Mum who lost all four limbs to sepsis can finally hug family with new bionic arm

By Sophie Corcoran

An inspiring mum is finally able to hug her children and grandchildren for the first time since she lost all four limbs to sepsis four years ago.

Mum-of-five Sue Neill, 52, says she can finally have the cuddles she longed for after receiving the first of two bionic "Hero Arms" in July.

Sue has spoken out about her experience and the consequences of sepsis to mark World Sepsis Day.

The condition robbed her of her nose, lips and tongue and meant she needed all four limbs amputated.

The former carer, of Chichester, West Sussex, was struck down with life-threatening sepsis after she had what seemed to be a simple gum abscess.

Sue is thrilled to have her new Hero Arm (PA Real Life)

Sue has now been fitted with a new right arm that uses robotic prosthetics in this year after her cousin donated £10,000 to her GoFundMe crowdfunding appeal. Sue hopes to have the life-changing second arm fitted laster this year.

She said: "Cuddling the kids again was amazing. I've had a lot of pictures taken cuddling them on my knee. My little grandkids love my arm and they keep saying, 'That's so cool.'

"It's wonderful just to be able to hug them again. The kids love it - and I love it. I can't believe it.

'It's wonderful just to be able to hug them,' Sue says (PA Real Life)

"The kids keep making me shake hands with them too!"

Sue is mum to Connor, 25, daughter, Kaylee, nine, Chris, 35, Stacey, 32 and Chloe, 22. She lives with former lorry driver husband, Dean.

She says she has "been through hell" after she suffered a small "nick" in her gum at the dentist in January 2017. An abscess developed a few days later and her face began to swell, leaving her struggling to see or hear.

Sue before she got her Hero Arm (PA REAL LIFE)

Despite this, she seemed to rally after two rounds of painkillers and antibiotics, but on February 25, Dean found her on the sofa with her face turning blue.

Sue said: "He thought I was already gone."

She was rushed to St Richard's Hospital in Chichester where her family were repeatedly told that she was unlikely to survive and her limbs were amputated.

With her Kaylee and her granddaughters (PA Real Life)

Sue miraculously pulled through, and then had to learn to live with her changed body, spending a year in rehab.

She said: "At first, I couldn't talk and for over a year, I couldn't even look at myself in a mirror. I hate the word stumps. These are my arms and legs. So be it if I haven't got much of them. I'm lucky to be alive, but I'm still me."

Sue pinned her hopes on the high-tech bionic "Hero Arms" and a donation from her cousin, Carmen Lewis and her husband Gary got her them. She said she was overwhelmed with gratitude and after several fittings, it was ready.

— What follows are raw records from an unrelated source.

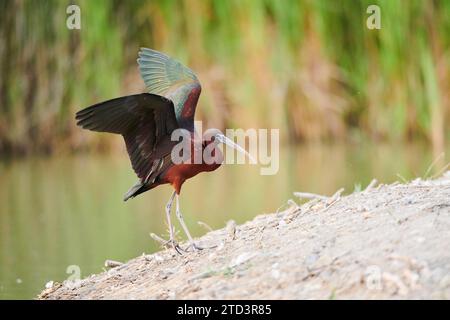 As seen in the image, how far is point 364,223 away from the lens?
502cm

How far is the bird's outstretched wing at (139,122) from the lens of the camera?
530 centimetres

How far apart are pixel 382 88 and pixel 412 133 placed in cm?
88

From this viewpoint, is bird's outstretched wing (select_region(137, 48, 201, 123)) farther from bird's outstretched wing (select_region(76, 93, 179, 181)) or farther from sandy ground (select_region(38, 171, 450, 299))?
sandy ground (select_region(38, 171, 450, 299))

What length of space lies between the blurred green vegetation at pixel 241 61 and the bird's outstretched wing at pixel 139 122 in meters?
7.94

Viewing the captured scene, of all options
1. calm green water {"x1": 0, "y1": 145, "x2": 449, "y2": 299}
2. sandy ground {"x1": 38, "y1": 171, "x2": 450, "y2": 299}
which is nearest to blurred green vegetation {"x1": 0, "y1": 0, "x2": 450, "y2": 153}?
calm green water {"x1": 0, "y1": 145, "x2": 449, "y2": 299}

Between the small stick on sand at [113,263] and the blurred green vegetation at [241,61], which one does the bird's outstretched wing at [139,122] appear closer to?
the small stick on sand at [113,263]

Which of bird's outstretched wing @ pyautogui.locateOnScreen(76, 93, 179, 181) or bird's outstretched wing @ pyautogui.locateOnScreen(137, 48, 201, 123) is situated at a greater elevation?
bird's outstretched wing @ pyautogui.locateOnScreen(137, 48, 201, 123)

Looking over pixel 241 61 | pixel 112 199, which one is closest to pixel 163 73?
pixel 112 199

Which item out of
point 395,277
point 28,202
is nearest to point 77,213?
point 28,202

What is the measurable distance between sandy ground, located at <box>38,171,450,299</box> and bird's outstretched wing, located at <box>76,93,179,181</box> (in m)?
0.66

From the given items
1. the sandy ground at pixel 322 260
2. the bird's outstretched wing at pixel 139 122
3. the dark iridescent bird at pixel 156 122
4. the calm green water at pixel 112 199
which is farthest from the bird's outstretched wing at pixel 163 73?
the calm green water at pixel 112 199

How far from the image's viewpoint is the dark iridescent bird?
539 centimetres

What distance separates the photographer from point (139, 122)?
570cm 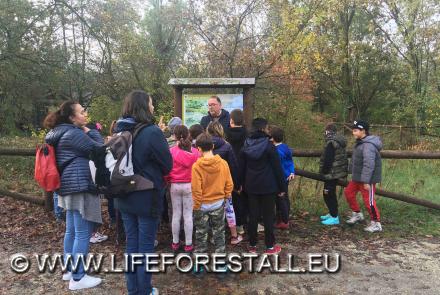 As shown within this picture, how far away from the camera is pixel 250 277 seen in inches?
166

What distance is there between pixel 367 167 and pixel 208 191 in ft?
8.45

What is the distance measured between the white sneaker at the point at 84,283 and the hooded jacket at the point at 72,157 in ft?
3.05

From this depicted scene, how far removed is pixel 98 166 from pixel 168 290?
56.0 inches

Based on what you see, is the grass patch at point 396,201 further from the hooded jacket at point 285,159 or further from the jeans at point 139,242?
the jeans at point 139,242

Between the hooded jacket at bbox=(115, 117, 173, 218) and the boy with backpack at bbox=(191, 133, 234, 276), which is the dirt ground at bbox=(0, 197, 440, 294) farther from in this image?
the hooded jacket at bbox=(115, 117, 173, 218)

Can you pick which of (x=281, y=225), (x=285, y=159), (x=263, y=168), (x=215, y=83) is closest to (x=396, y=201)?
(x=281, y=225)

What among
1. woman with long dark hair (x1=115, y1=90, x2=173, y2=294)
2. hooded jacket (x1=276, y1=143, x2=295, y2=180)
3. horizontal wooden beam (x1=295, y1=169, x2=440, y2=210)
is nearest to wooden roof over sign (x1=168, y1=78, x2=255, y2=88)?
hooded jacket (x1=276, y1=143, x2=295, y2=180)

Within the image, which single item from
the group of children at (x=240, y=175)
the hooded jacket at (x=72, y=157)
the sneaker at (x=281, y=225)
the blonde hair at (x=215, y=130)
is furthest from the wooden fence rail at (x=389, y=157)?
the hooded jacket at (x=72, y=157)

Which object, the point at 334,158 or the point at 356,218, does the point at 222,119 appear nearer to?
the point at 334,158

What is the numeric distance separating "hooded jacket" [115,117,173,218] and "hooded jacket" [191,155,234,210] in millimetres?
804

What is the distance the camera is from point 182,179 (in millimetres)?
4477

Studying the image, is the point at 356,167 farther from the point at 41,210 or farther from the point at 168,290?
the point at 41,210

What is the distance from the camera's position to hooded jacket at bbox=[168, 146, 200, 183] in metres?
4.45

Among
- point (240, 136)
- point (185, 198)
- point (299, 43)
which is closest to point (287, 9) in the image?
point (299, 43) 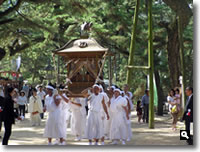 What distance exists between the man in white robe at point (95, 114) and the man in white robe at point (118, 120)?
50 cm

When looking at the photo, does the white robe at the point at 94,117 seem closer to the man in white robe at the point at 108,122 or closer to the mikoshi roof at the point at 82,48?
the man in white robe at the point at 108,122

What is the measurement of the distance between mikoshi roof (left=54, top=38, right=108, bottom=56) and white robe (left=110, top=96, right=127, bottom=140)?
5.69ft

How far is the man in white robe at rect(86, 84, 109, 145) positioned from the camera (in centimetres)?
832

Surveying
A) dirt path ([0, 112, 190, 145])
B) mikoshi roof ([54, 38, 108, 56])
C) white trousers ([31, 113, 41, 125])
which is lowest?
dirt path ([0, 112, 190, 145])

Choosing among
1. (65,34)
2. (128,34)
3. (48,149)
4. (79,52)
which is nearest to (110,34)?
(128,34)

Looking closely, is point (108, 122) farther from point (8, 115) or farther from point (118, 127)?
point (8, 115)

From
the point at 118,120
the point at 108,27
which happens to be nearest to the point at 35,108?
the point at 118,120

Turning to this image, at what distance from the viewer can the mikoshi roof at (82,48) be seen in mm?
9988

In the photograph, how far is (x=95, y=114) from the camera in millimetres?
8453

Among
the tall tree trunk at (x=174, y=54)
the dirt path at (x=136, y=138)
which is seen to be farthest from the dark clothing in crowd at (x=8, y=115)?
the tall tree trunk at (x=174, y=54)

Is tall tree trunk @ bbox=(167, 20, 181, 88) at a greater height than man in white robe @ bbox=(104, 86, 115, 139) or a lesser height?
greater

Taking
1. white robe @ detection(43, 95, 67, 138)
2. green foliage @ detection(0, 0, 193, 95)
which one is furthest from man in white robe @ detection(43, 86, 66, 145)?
green foliage @ detection(0, 0, 193, 95)

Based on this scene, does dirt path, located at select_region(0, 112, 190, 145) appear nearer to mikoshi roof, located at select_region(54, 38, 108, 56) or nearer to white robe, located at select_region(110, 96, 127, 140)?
white robe, located at select_region(110, 96, 127, 140)

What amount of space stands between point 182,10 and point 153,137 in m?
4.45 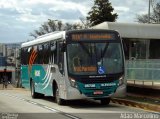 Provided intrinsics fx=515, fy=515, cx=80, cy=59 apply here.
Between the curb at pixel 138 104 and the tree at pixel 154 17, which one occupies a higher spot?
the tree at pixel 154 17

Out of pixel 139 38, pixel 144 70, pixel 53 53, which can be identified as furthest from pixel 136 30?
pixel 53 53

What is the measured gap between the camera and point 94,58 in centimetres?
2156

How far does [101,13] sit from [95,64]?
7060 cm

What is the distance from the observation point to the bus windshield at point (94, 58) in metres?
21.4

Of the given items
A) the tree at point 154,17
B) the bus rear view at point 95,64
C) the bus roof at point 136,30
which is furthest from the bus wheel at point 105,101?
the tree at point 154,17

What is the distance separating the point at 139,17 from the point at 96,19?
782cm

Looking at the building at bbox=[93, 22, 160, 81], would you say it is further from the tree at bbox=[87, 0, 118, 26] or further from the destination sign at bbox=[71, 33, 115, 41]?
the tree at bbox=[87, 0, 118, 26]

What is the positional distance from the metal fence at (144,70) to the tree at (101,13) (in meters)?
58.9

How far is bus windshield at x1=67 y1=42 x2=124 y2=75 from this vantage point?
21375mm

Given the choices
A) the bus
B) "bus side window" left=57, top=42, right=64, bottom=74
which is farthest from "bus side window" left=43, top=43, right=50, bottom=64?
"bus side window" left=57, top=42, right=64, bottom=74

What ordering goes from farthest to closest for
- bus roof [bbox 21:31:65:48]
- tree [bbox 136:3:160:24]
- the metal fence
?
1. tree [bbox 136:3:160:24]
2. the metal fence
3. bus roof [bbox 21:31:65:48]

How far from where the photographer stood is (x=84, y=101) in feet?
87.0

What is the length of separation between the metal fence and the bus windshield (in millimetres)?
6335

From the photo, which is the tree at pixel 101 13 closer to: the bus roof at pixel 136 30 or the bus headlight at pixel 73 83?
the bus roof at pixel 136 30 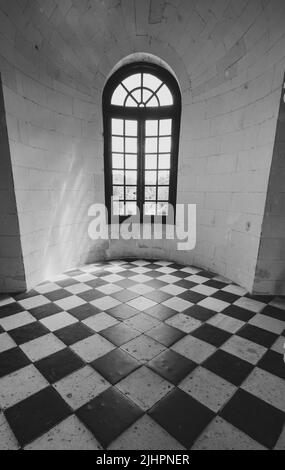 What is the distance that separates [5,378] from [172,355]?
1132 millimetres

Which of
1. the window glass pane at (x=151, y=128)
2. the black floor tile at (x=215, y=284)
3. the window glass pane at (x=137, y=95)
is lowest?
the black floor tile at (x=215, y=284)

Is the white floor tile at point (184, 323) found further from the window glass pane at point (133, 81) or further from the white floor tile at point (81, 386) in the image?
the window glass pane at point (133, 81)

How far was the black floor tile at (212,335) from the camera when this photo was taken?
6.24 feet

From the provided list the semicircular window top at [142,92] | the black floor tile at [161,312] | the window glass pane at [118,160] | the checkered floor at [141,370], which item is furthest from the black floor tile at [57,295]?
the semicircular window top at [142,92]

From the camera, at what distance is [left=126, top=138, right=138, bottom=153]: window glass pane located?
3849 millimetres

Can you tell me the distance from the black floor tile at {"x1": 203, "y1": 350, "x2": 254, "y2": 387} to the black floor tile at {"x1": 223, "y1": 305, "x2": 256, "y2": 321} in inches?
24.2

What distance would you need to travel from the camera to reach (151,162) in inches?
153

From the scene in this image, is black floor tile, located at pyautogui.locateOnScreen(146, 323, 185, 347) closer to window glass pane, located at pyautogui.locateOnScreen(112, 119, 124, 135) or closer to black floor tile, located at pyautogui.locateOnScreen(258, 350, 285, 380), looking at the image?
black floor tile, located at pyautogui.locateOnScreen(258, 350, 285, 380)

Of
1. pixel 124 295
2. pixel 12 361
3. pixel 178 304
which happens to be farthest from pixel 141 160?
pixel 12 361

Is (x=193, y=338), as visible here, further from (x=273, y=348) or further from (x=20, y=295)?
(x=20, y=295)

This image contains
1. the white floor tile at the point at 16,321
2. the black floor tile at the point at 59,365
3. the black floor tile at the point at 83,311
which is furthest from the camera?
the black floor tile at the point at 83,311

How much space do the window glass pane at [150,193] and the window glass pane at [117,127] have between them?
3.26 ft

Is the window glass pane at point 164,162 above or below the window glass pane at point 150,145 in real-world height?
below

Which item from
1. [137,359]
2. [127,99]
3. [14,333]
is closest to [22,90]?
[127,99] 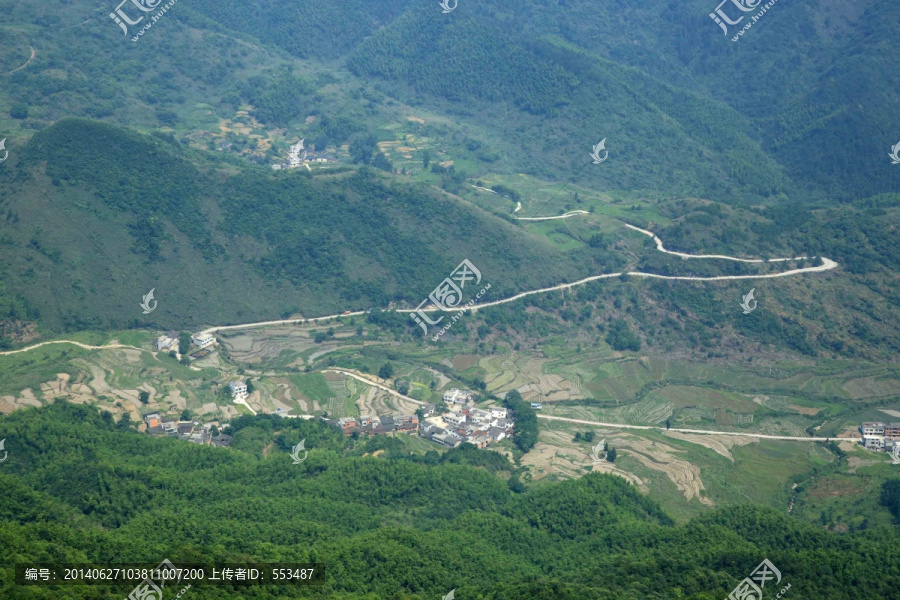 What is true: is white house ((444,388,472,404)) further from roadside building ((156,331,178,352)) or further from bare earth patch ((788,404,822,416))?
bare earth patch ((788,404,822,416))

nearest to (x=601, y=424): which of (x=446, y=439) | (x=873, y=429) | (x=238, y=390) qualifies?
(x=446, y=439)

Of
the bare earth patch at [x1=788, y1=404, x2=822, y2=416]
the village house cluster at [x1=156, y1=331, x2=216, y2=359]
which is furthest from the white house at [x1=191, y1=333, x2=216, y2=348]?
the bare earth patch at [x1=788, y1=404, x2=822, y2=416]

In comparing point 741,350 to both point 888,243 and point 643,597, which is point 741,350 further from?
point 643,597

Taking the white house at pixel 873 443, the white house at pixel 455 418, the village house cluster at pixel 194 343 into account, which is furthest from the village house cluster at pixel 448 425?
the white house at pixel 873 443

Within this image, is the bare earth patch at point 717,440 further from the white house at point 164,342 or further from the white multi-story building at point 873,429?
the white house at point 164,342

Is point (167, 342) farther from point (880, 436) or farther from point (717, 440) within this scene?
point (880, 436)

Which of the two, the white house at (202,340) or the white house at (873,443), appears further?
the white house at (202,340)

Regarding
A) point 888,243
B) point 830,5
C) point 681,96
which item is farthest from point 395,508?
point 830,5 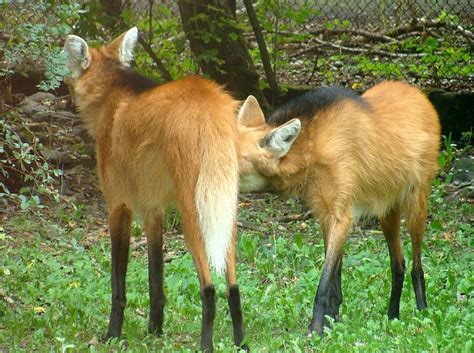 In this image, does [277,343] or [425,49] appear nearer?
[277,343]

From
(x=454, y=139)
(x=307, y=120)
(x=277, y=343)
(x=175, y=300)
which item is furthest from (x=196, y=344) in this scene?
(x=454, y=139)

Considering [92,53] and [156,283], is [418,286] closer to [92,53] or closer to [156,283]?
[156,283]

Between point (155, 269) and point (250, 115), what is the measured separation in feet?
3.04

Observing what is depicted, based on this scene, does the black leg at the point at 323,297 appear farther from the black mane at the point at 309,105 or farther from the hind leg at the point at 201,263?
the black mane at the point at 309,105

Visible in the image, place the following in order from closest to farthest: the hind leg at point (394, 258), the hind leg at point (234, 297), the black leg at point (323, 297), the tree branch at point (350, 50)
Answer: the hind leg at point (234, 297) → the black leg at point (323, 297) → the hind leg at point (394, 258) → the tree branch at point (350, 50)

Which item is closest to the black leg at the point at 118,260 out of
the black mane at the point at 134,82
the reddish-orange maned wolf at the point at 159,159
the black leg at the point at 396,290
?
the reddish-orange maned wolf at the point at 159,159

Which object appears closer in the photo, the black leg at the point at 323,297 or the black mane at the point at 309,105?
the black leg at the point at 323,297

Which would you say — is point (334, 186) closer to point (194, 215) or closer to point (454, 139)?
point (194, 215)

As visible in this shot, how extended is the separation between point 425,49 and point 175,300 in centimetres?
458

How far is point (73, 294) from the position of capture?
189 inches

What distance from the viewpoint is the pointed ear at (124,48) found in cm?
448

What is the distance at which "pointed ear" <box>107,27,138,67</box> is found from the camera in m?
4.48

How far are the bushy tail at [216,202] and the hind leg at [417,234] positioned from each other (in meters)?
1.39

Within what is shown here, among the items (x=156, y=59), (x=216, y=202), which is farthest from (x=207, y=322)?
(x=156, y=59) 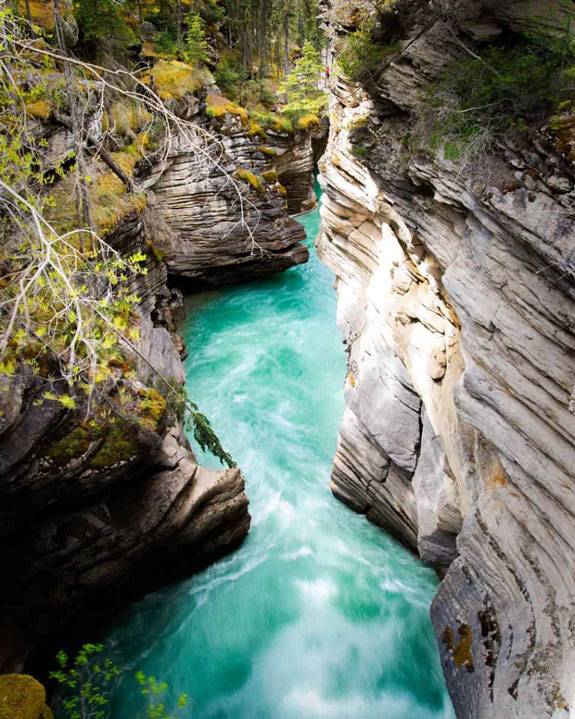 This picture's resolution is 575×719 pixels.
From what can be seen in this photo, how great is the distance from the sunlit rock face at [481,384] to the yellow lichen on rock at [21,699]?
4348 millimetres

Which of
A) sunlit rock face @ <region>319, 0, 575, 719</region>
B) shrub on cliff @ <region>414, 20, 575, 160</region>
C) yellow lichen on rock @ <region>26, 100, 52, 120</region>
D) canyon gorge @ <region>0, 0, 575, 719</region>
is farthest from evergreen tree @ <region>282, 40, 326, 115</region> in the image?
shrub on cliff @ <region>414, 20, 575, 160</region>

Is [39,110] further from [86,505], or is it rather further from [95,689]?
[95,689]

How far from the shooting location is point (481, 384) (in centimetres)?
529

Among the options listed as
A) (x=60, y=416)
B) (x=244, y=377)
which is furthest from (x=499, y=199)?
(x=244, y=377)

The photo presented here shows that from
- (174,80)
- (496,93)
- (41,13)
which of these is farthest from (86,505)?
(41,13)

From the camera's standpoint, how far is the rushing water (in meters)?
7.29

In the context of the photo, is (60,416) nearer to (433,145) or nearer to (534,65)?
(433,145)

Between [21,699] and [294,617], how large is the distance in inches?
186

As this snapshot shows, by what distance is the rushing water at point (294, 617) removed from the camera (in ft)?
23.9

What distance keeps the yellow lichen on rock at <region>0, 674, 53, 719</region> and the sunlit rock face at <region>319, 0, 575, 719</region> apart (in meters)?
4.35

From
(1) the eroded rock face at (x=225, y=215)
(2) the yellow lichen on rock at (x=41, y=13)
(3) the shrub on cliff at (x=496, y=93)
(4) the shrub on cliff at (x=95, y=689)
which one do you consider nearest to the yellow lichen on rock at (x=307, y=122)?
(1) the eroded rock face at (x=225, y=215)

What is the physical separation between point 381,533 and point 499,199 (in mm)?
7037

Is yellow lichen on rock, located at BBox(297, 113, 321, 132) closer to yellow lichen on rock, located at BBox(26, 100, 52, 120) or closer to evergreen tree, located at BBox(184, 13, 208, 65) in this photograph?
evergreen tree, located at BBox(184, 13, 208, 65)

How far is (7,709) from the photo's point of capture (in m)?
4.46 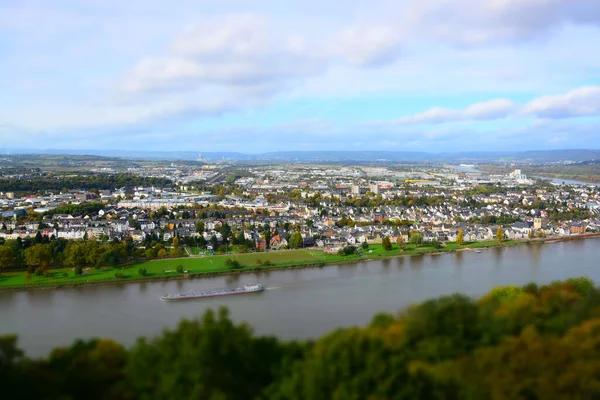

After building her strength up, Sue can now use the bionic arm for up to two hours a day.

She said: "I need to build up my upper body strength and I need to be patient. It's a big learning curve.

Sue and her husband, Dean (PA REAL LIFE)

"I've got a long way to go, but it's good to see improvements as the days go on and I hope I can wear it all day long. I have no idea when that will be - but I'm hoping it could be as soon as next month. I'm eagerly awaiting the second arm. That will be fitted once I've got used to the first one - I can't wait!

"I've brushed my hair, I've learned to pick up sweeties or little things from the table. I'm sure I'll look back on this in a year's time and think, 'Remember when I couldn't do anything?'

"Cosmetically, they look interesting and much nicer on the eye than other prosthetics. It's not pretending to be a real arm, so I think it looks really cool, robotic and colourful.

"I'm planning to wear it out next week when I go to the shops or out in the village - and I hope people ask me about it!"

She says she can already do things, such as brush her hair and pick things up from the table with her Hero Arm (PA Real Life)

Sue says she is passionate about raising awareness of the dangers of sepsis and highlighting the need for better prosthetics to be available on the NHS to amputee patients.

She said: "None of us asked to lose our limbs. It all happened through accidents, illness or people that have unfortunately been born this way.

"Our government needs to re-look at this within the NHS - it's about giving its citizens the best they can when something horrible happens to them."